_What the task asks_.
Given the records below, would you repeat exactly the lines that begin at the one containing "Floral tributes are" and end at the one containing "Discover the perfect", inclusive?

_Supplied material_.
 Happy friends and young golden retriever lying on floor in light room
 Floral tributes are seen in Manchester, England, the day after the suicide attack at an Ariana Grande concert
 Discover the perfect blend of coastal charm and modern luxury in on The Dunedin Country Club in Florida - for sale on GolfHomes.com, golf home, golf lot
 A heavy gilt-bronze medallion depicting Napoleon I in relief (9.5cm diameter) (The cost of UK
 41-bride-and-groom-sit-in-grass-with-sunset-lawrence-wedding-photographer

...

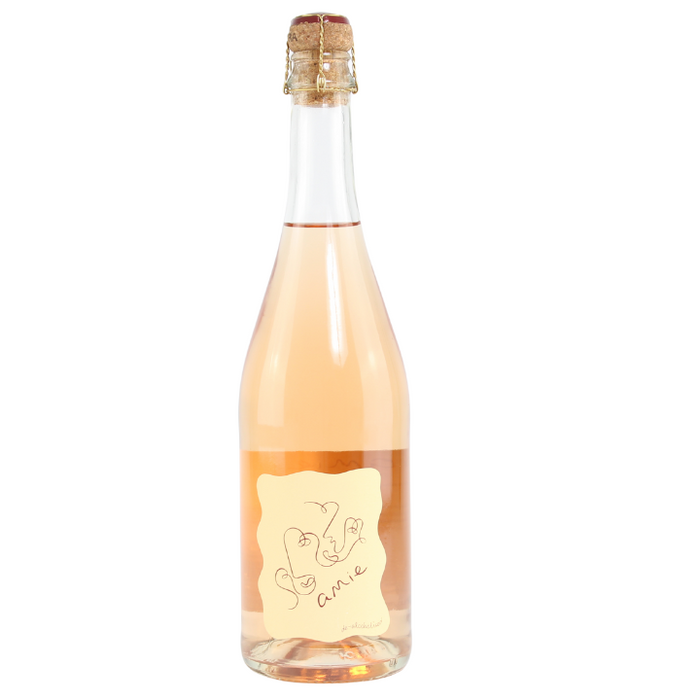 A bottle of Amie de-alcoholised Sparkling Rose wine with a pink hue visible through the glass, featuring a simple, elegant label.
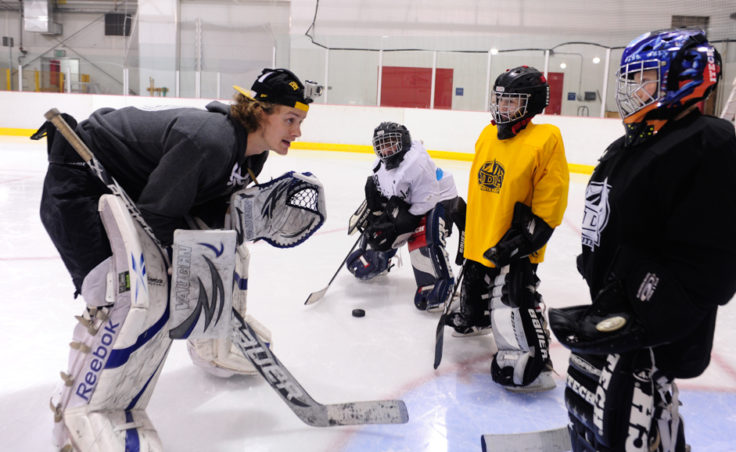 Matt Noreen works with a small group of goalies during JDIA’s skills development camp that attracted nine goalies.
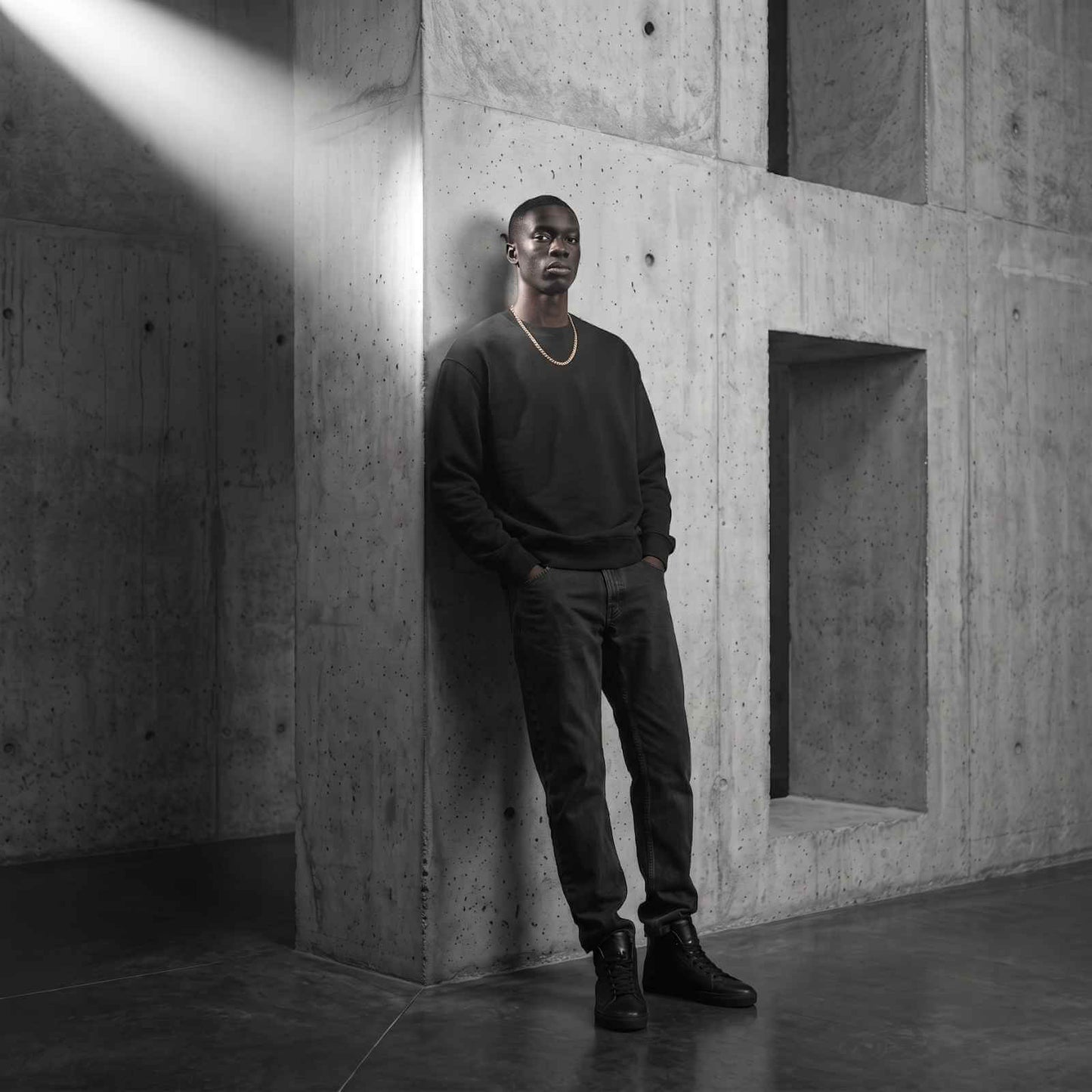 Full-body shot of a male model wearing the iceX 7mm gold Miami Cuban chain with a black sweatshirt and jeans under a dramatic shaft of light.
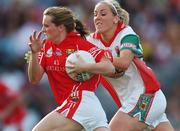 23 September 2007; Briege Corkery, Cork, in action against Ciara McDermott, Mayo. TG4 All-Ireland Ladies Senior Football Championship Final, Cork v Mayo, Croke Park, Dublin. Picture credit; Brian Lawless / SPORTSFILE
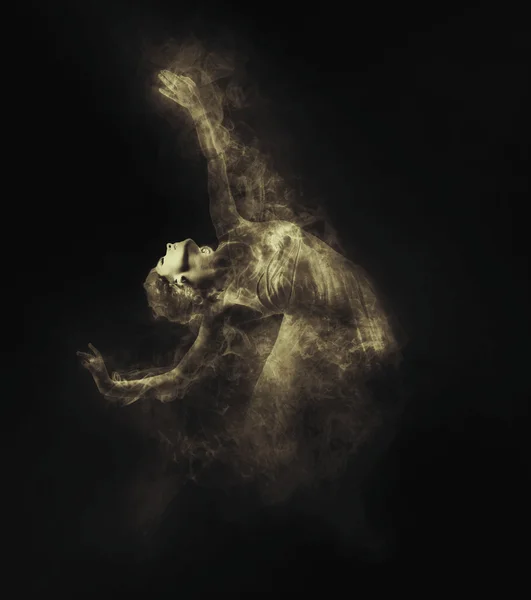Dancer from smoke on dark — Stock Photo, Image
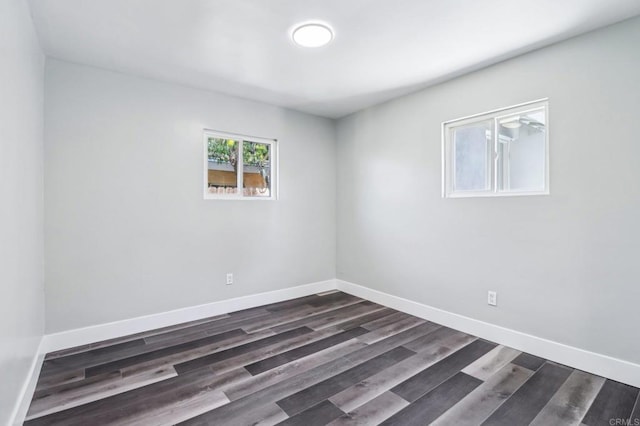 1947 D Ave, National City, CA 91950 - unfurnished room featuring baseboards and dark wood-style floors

==

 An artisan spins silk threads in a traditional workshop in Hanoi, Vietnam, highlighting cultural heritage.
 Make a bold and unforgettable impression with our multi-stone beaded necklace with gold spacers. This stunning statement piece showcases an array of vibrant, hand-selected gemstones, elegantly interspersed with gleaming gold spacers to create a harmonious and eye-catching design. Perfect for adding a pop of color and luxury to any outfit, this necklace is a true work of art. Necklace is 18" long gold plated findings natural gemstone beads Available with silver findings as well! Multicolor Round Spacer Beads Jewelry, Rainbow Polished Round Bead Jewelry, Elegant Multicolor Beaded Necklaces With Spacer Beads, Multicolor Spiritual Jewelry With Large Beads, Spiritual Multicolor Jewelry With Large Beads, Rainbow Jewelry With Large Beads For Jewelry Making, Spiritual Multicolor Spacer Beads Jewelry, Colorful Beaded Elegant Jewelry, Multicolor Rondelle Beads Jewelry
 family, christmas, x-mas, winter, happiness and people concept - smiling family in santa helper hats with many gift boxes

_Answer area_.
 Floral tributes are seen in Manchester, England, the day after the suicide attack at an Ariana Grande concert
 Discover the perfect blend of coastal charm and modern luxury in on The Dunedin Country Club in Florida - for sale on GolfHomes.com, golf home, golf lot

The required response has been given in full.